バトンタッチからコンカレントに

 この構想ではBクラスからC、Dクラスの車までまとめて企画し、SUVでもセダンでも同じストラクチャを使うことになる。例えば、フレームワークや板厚は全て固定し、つなぎ方の構造も共通化する。ストラクチャが一緒なら実験の解析データも共有化できるといった具合だ。同時に車種によって「味付け」を変えるために、固定部と変動部を明確にし、固定部ではコストを重視した設計にし、変動部ではその車の個性が出る設計にする。この固定部と変動部を明確に分けることも一括企画のポイントだった。

 一般的に競争力を最大化するには車種・仕向け地ごとにそれぞれ最適部品を造った方がいいが、それではスケールメリットがないとコスト高になる。しかし、量産効果を出すためだけに大量生産する考え方は、顧客とは何の関係もない、自動車メーカーの勝手な都合によるものという考えがマツダの中で広がっていった。多品種少量でも開発や生産の効率を高めるには仕事に対する考えやプロセスを抜本的に変える必要があったのだ。こうした考えが意味的価値づくりを生む源泉となっている。

 設計と生産も協力し合った。従来はボディのプレス用の基準ピンは位置が固定だったが、設計が変動要素にしてほしいと生産に依頼し変更した。固定化したのはピンの太さだけで、ロケータの位置を動かすことで対応した。これも一種のブレークスルーで、設計と生産が互いに協力し合ったので知恵が出た。

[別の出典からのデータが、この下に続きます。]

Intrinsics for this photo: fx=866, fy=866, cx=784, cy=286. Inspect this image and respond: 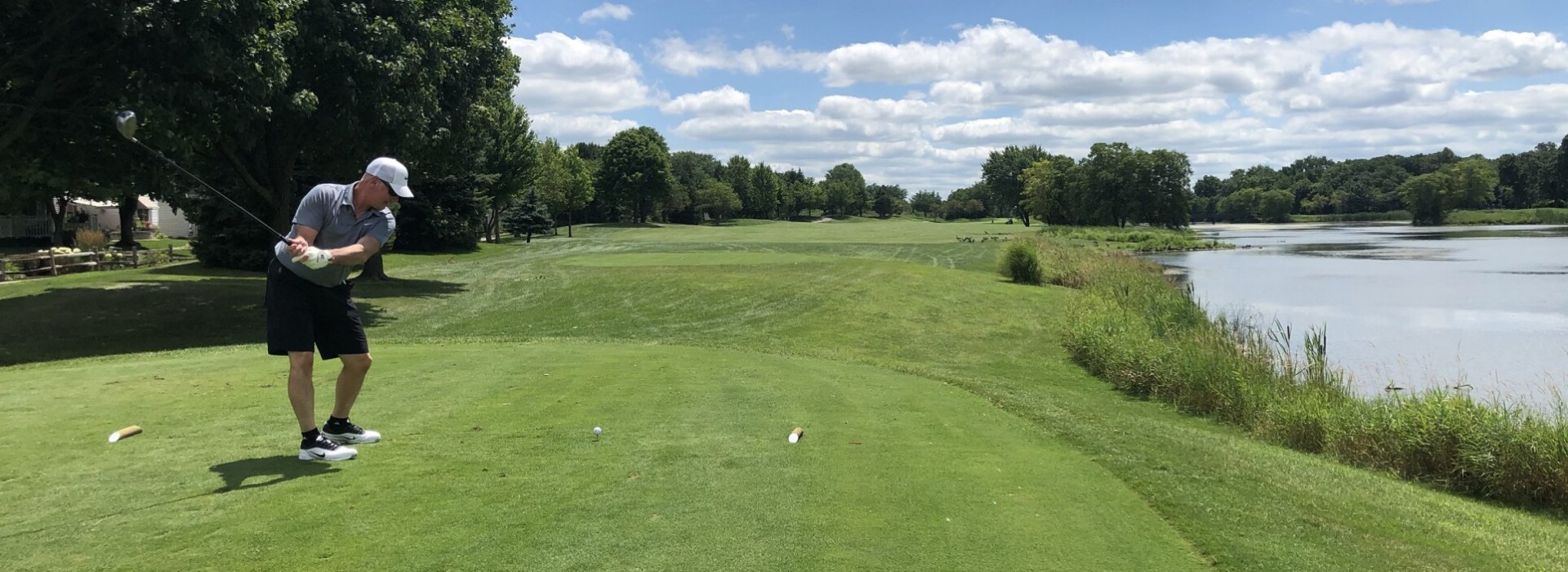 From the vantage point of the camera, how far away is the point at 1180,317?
70.8 feet

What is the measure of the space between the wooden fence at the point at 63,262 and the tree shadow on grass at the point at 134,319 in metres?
6.50

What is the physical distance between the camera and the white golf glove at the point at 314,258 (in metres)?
5.32

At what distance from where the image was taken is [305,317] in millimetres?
5793

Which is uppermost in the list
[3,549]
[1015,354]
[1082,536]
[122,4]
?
[122,4]

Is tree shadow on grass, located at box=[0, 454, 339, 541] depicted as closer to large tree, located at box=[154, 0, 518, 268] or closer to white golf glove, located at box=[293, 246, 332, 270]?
white golf glove, located at box=[293, 246, 332, 270]

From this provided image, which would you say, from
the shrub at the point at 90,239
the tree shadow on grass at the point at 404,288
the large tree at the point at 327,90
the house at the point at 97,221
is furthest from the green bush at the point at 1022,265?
the shrub at the point at 90,239

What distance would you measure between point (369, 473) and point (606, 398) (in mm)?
3147

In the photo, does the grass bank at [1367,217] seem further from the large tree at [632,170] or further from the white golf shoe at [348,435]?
the white golf shoe at [348,435]

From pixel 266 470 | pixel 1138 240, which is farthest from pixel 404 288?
pixel 1138 240

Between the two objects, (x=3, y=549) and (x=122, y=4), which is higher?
(x=122, y=4)

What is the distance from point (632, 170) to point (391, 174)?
9443 cm

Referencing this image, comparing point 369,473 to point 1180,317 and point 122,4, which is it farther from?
point 1180,317

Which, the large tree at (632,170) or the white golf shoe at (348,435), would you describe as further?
the large tree at (632,170)

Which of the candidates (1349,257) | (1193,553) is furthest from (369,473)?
(1349,257) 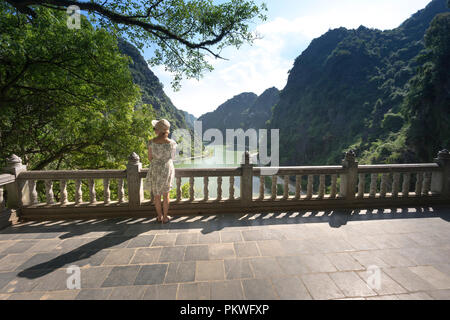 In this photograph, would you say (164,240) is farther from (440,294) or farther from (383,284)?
(440,294)

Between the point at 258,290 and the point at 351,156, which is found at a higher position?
the point at 351,156

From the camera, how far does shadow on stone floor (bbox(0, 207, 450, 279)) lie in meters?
3.68

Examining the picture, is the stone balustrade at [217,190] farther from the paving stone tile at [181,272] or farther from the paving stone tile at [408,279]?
the paving stone tile at [408,279]

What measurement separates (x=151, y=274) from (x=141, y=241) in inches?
40.2

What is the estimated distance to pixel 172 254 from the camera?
11.0 ft

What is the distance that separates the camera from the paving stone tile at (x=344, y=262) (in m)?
2.97

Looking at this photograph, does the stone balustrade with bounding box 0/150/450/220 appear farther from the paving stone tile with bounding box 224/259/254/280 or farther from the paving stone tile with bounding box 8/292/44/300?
the paving stone tile with bounding box 8/292/44/300

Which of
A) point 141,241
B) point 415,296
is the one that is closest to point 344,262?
point 415,296

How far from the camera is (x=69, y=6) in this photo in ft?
20.8

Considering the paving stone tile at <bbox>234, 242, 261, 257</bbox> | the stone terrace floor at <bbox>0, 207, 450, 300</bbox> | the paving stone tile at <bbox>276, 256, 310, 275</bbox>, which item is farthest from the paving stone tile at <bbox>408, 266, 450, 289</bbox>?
the paving stone tile at <bbox>234, 242, 261, 257</bbox>

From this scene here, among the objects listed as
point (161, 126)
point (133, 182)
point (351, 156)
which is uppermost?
point (161, 126)

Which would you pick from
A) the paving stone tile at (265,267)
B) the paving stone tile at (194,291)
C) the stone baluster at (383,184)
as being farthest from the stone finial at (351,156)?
the paving stone tile at (194,291)

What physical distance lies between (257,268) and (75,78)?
887 cm

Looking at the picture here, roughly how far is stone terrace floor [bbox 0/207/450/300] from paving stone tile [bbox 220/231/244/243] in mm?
19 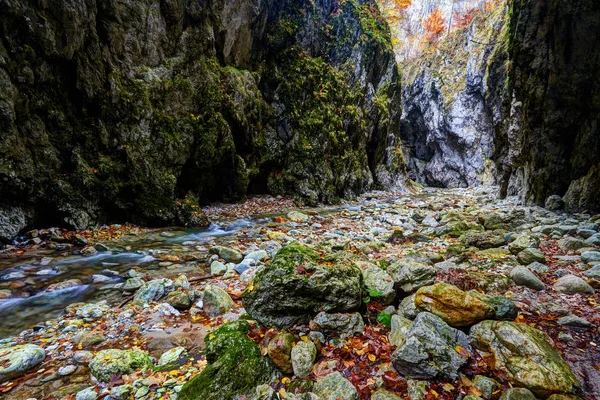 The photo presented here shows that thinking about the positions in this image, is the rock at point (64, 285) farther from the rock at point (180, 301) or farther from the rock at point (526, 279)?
the rock at point (526, 279)

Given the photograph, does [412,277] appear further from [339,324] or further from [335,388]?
[335,388]

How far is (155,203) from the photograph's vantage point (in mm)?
8805

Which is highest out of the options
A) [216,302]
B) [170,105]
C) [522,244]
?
[170,105]

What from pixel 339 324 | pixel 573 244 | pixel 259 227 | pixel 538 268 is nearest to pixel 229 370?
pixel 339 324

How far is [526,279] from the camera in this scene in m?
3.35

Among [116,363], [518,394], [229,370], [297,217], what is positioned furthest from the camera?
[297,217]

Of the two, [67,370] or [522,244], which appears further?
[522,244]

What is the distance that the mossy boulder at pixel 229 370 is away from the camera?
207 centimetres

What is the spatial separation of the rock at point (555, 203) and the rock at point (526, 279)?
25.6 feet

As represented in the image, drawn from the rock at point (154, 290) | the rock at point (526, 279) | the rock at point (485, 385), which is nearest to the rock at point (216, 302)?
the rock at point (154, 290)

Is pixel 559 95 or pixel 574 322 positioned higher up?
pixel 559 95

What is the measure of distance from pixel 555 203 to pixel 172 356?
1183 centimetres

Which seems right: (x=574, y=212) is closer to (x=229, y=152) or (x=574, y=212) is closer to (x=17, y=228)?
(x=229, y=152)

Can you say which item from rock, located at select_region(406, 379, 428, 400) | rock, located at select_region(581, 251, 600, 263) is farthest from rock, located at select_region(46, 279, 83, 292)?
rock, located at select_region(581, 251, 600, 263) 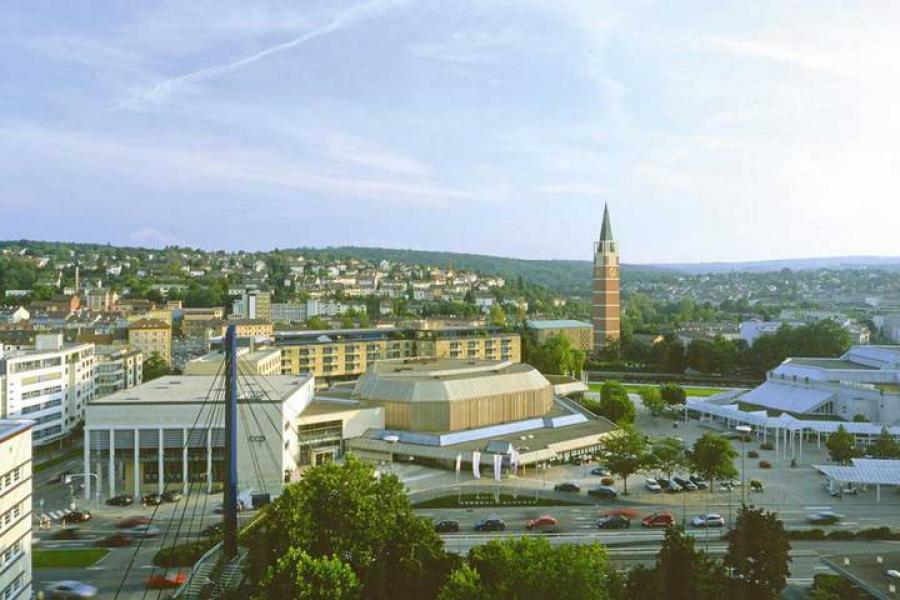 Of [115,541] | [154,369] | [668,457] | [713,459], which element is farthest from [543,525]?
[154,369]

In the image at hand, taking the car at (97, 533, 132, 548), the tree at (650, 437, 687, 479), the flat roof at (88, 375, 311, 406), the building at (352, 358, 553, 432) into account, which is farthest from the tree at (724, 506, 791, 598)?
the building at (352, 358, 553, 432)

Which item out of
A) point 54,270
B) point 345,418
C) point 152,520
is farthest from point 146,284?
point 152,520

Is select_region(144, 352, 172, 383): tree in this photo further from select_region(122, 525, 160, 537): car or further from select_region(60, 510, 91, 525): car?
select_region(122, 525, 160, 537): car

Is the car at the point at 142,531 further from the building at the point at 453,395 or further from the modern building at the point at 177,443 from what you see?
the building at the point at 453,395

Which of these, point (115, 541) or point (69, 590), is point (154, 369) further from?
point (69, 590)

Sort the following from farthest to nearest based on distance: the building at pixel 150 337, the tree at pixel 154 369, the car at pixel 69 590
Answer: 1. the building at pixel 150 337
2. the tree at pixel 154 369
3. the car at pixel 69 590

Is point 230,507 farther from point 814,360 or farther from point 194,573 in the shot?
point 814,360

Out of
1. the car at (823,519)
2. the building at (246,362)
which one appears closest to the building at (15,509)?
the building at (246,362)

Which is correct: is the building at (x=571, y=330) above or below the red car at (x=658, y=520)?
above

「この取り組みはコンカレントエンジニアリングを極めようとする改革です。従来はバトンタッチ方式だったのを、企画・開発・生産をいっぺんに重ね合わせました」と金井副社長は語った。

汎用機でフレキシブル生産

 このコモンアーキテクチャー構想と連動しているのが「フレキシブル生産」だ。例えば、シリンダブロックなどを機械加工するライン。そこには14台の汎用マシニングセンター(MC)がずらりと並ぶ。モノづくり革新の前までは専用機であるトランスファーマシンで加工していたのを、汎用機による「ランダム生産」に切り替えた。専用機は1つの部品を素早く削る大量生産には適しているが、変種変量への対応には弱いからだ。専用機では対応機種が限定的でかつ、刃具や治具を交換して再プログラムする段取り替えに時間が要するが、汎用機だとその必要がなくなった。さらに汎用機を配列した工程は、1台止まっても残りの13台が動いているのでそこで対応できる。正味稼働率が高まるということだ。

 汎用機によるフレキシブル生産を採り入れた結果、機械を止めることなく、1ラインで多様な部品を製造できるようになった。ガソリンかディーゼルかを問わず、スカイアクティブやV6エンジンなど13種類のエンジン部品を1つのラインで流している。しかも従来の専用機ラインだと45工程あったのを4工程にまで減らすことができた。内面研削のボアホーニングの仕上げも3工程から1工程に減らした。こうした取り組みの結果、製造リードタイムは大幅に削減され、設備投資額は従来比で70%減となった。